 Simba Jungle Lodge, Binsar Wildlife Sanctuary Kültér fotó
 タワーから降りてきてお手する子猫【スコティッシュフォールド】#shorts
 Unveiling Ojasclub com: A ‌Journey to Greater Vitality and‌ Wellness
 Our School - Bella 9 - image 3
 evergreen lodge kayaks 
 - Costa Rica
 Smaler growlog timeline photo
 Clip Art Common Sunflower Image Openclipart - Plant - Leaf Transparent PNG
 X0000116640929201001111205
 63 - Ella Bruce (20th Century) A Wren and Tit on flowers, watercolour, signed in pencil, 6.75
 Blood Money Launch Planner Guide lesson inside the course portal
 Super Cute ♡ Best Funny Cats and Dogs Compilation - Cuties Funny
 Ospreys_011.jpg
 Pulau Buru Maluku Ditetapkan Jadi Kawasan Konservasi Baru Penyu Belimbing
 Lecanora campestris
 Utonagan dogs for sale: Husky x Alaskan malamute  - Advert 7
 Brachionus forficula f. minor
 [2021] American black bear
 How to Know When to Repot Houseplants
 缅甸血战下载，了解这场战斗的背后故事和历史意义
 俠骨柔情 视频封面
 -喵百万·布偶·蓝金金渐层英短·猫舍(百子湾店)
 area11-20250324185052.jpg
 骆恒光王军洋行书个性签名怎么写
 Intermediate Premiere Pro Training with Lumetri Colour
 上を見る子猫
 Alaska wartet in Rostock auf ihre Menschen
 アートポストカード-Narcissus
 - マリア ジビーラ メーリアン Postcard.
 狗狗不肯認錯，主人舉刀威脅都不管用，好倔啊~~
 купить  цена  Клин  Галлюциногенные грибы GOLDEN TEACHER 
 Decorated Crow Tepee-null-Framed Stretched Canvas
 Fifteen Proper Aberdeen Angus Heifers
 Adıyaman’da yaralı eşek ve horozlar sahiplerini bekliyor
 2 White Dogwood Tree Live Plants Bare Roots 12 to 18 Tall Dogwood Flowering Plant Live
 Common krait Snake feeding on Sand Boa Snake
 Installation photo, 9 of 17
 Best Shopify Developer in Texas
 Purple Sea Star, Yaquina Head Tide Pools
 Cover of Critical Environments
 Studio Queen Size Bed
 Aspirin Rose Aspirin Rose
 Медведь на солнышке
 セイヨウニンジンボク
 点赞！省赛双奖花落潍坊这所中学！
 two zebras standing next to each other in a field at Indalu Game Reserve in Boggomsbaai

▬▬▬

WORK REQUEST:
Copy out the lines beginning at the one that contains "[2021] American black bear". Stop at the final line of the data, and include it.

ANSWER TO THE EXERCISE:
 [2021] American black bear
 How to Know When to Repot Houseplants
 缅甸血战下载，了解这场战斗的背后故事和历史意义
 俠骨柔情 视频封面
 -喵百万·布偶·蓝金金渐层英短·猫舍(百子湾店)
 area11-20250324185052.jpg
 骆恒光王军洋行书个性签名怎么写
 Intermediate Premiere Pro Training with Lumetri Colour
 上を見る子猫
 Alaska wartet in Rostock auf ihre Menschen
 アートポストカード-Narcissus
 - マリア ジビーラ メーリアン Postcard.
 狗狗不肯認錯，主人舉刀威脅都不管用，好倔啊~~
 купить  цена  Клин  Галлюциногенные грибы GOLDEN TEACHER 
 Decorated Crow Tepee-null-Framed Stretched Canvas
 Fifteen Proper Aberdeen Angus Heifers
 Adıyaman’da yaralı eşek ve horozlar sahiplerini bekliyor
 2 White Dogwood Tree Live Plants Bare Roots 12 to 18 Tall Dogwood Flowering Plant Live
 Common krait Snake feeding on Sand Boa Snake
 Installation photo, 9 of 17
 Best Shopify Developer in Texas
 Purple Sea Star, Yaquina Head Tide Pools
 Cover of Critical Environments
 Studio Queen Size Bed
 Aspirin Rose Aspirin Rose
 Медведь на солнышке
 セイヨウニンジンボク
 点赞！省赛双奖花落潍坊这所中学！
 two zebras standing next to each other in a field at Indalu Game Reserve in Boggomsbaai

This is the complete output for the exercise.